During the war Melville served with the South African Forces, but a fall when training brought a recurrence of his back trouble. For eleven months Melville wore a steel jacket, and it was thought that he would never play cricket again. After demobilisation in 1945 an intensive course of physical exercises brought about such a good recovery that he resumed playing, but took part in only two matches before dropping out. At first many feared that the back injury had re-asserted itself. Then came the news that his wife was suffering from infantile paralysis and that he was at home looking after the two children. Gradually Mrs. Melville got better, and by the beginning of the South African summer of 1946 Melville once more was able to return to cricket. Immediately he jumped into form, so that his choice as captain of the 1947 team became automatic.

Early in the season in England he broke a bone in the little finger of his left hand, and in the First Test strained his thigh, which did not completely right itself till the end of the summer. Melville had hoped to bat first or third wicket down the Tests, but Dyer's inability to accustom himself to English conditions, probably because he was not well, created a pressing need for an opening batsman which Melville himself answered.
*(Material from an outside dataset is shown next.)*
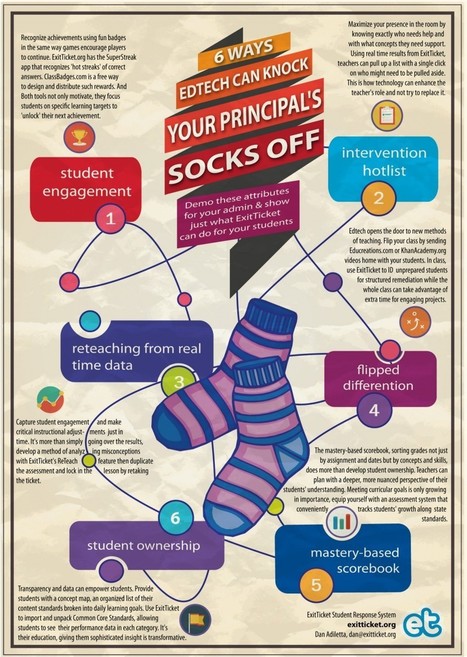 6 Ways EdTech Can Knock Your Principal's Socks Off Infographic | iGeneration - 21st Century Education (Pedagogy & Digital Innovation) | Scoop.it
This extra responsibility did not appear to affect his batting, for, after the early loss of Mitchell and Viljoen at Nottingham, he and Nourse set up a third wicket record for any Test with a stand of 319. Although handicapped by a bad limp throughout the second innings, he obtained a second century in the match, the first South African to do so against England. With another hundred in the Second Test, he created cricket history as the first man to score four consecutive Test centuries against England. Only J. H. Fingleton ( Australia), who got three against South Africa in 1936 and one against England some months later, had previously made four consecutively in Test cricket.
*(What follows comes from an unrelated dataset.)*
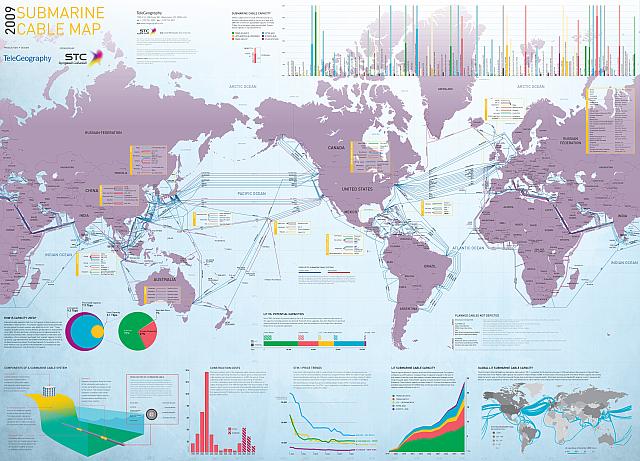 submarine-cable-map-2009-x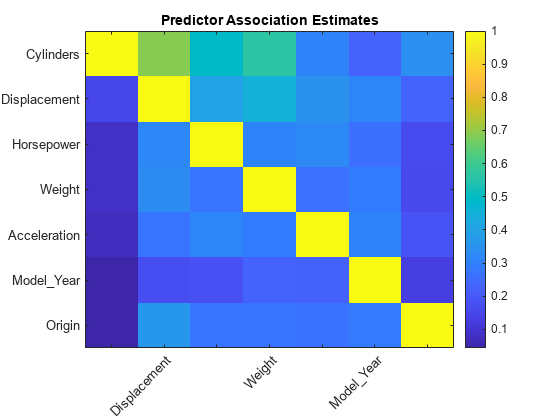 图中包含一个坐标轴。标题为Predictor Association estimate的轴包含一个类型为image的对象。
That performance at Lord's was Melville's crowning moment as a batsman. For the first two months of the season he had borne the main burden of a side lacking form and confidence, but the strain began to tell and his powers declined so much that, after making five centuries in his first 21 innings, he reached 50 only three times, and 100 once, in his last 19. The mental and physical exhaustion, indeed, took such toll of a never robust physique that on his return to South Africa Melville weighed 27 pounds less than when he set out; and, no doubt, the question of health influenced his retirement from cricket, announced during the winter.
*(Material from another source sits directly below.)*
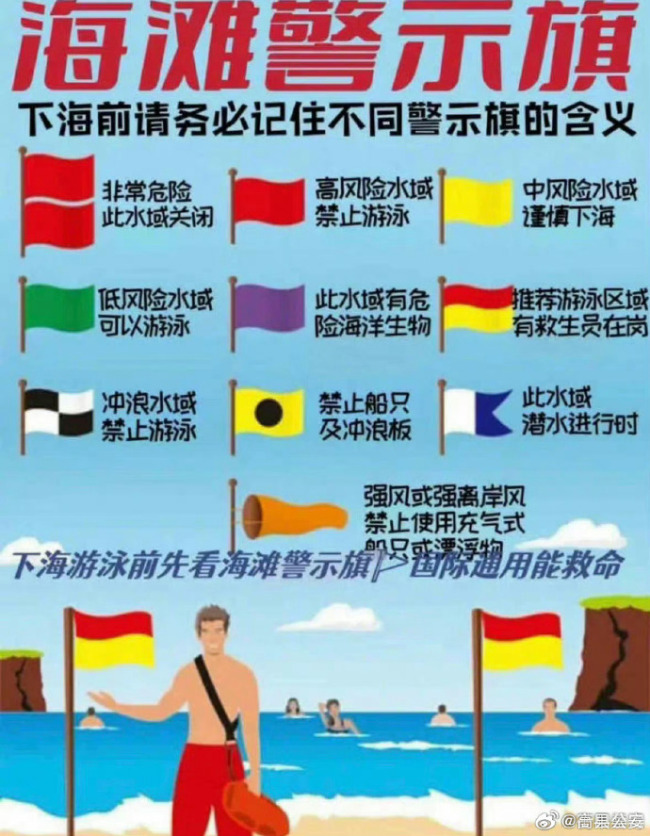 海滩红旗区是为了保护游客的安全而设置的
Spectators at Nottingham were fortunate in seeing Melville's batting in all its phases. After the early setbacks his innings progressed from stylish care, with the forward defensive stroke a predominant feature, to immaculate and fluent stroke play. In the truest sense he has shown batting of the classic mould. Six feet two inches tall, he used his height both for attacking and defending, with mastery of all the strokes, in a way attaching particular attention to his strength as an on-side batsman. Unlike Nourse, Melville rarely seemed to thump the ball: perfect timing made it travel from his bat at uncommon speed. He hit without effort and, like all the best players, looked to have plenty of time in which to finish his strokes.

A shrewd, undemonstrative captain, he inspired the affection of his own men and the respect of his opponents. His frequent variations of field placing, all done by a slight movement of a finger, showed an astute knowledge of English batsman, and his work in the covers set a splendid example to a good fielding side.